+++ GIVEN MATERIAL
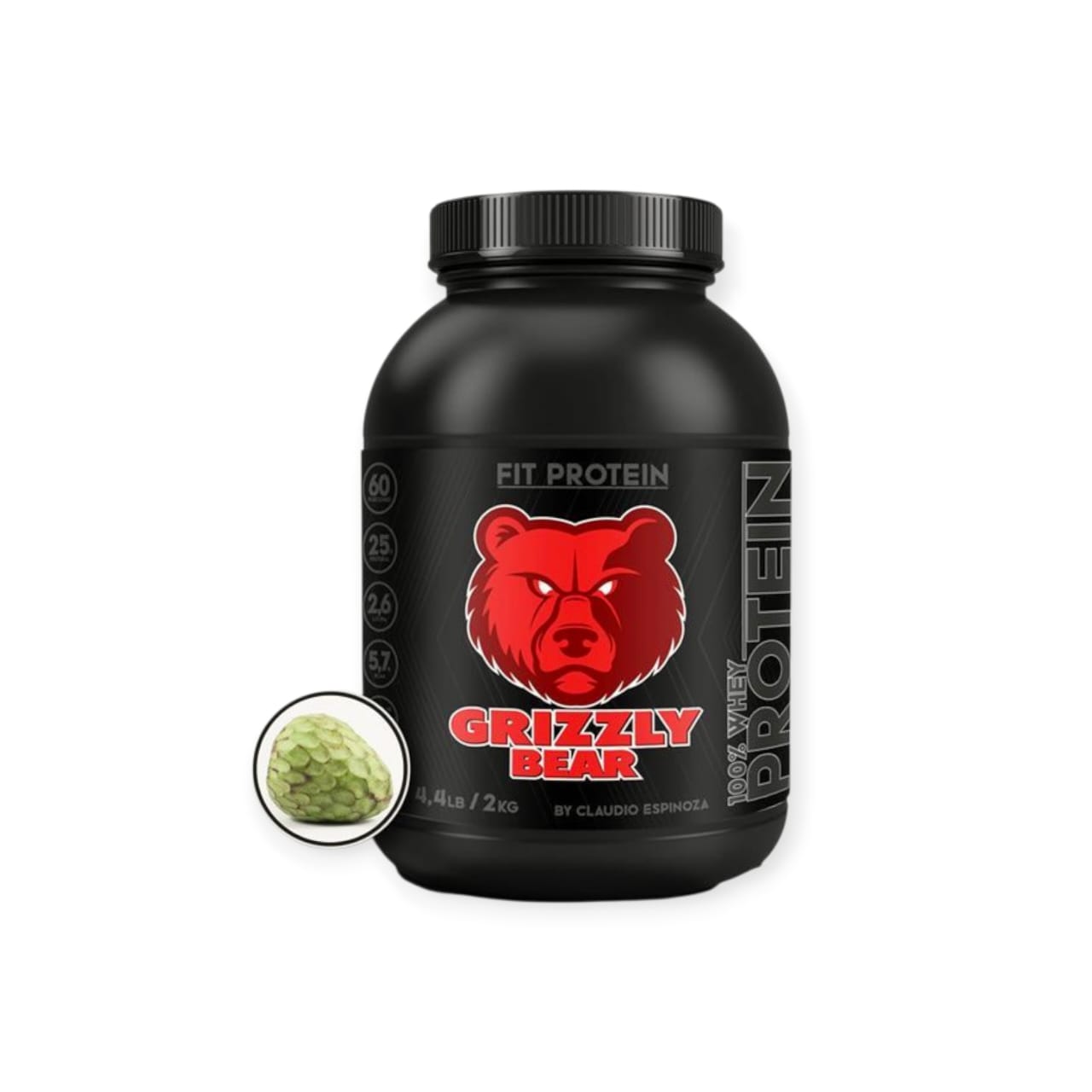 FIT PROTEIN GRIZZLYBEAR 2 KILOGRAMOS - 60 SERVICIOS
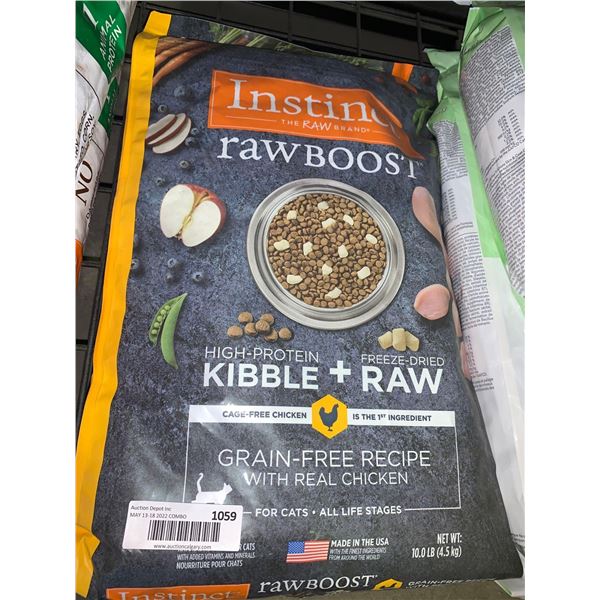 Instinct Raw Boost High Protein Kibble + Raw Chicken Cat Kibble 10Lbs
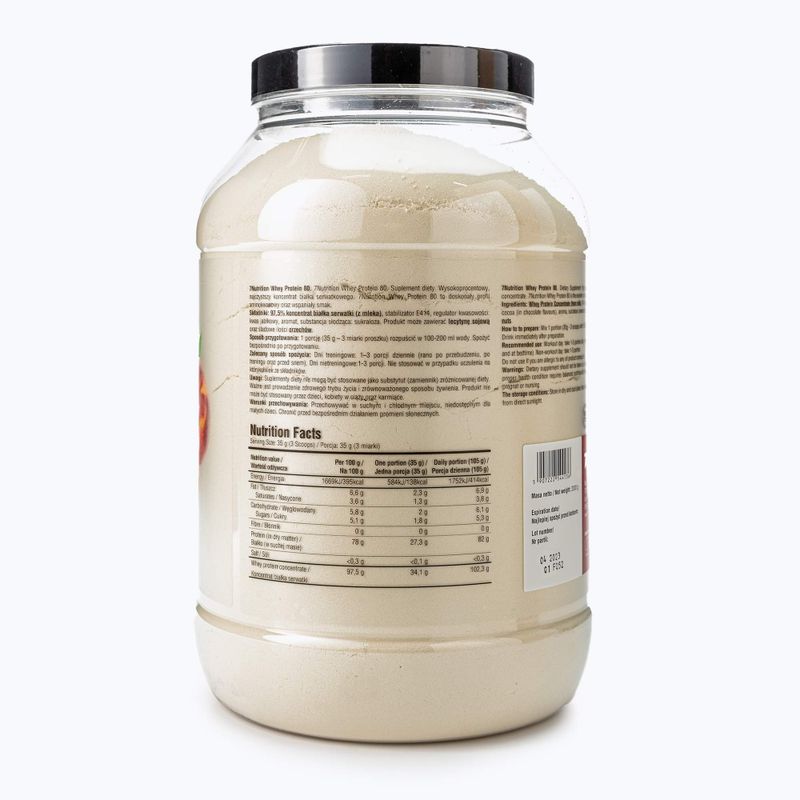 Суроватъчен протеин 7Nutrition Protein 80 brzoskwinia 7Nu000246 2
++++++
* EXERCISE OBJECTIVE *
Please transcribe the whole listing above exactly, with the images left out.

* RESPONSE AREA *
 FIT PROTEIN GRIZZLYBEAR 2 KILOGRAMOS - 60 SERVICIOS
 Instinct Raw Boost High Protein Kibble + Raw Chicken Cat Kibble 10Lbs
 Суроватъчен протеин 7Nutrition Protein 80 brzoskwinia 7Nu000246 2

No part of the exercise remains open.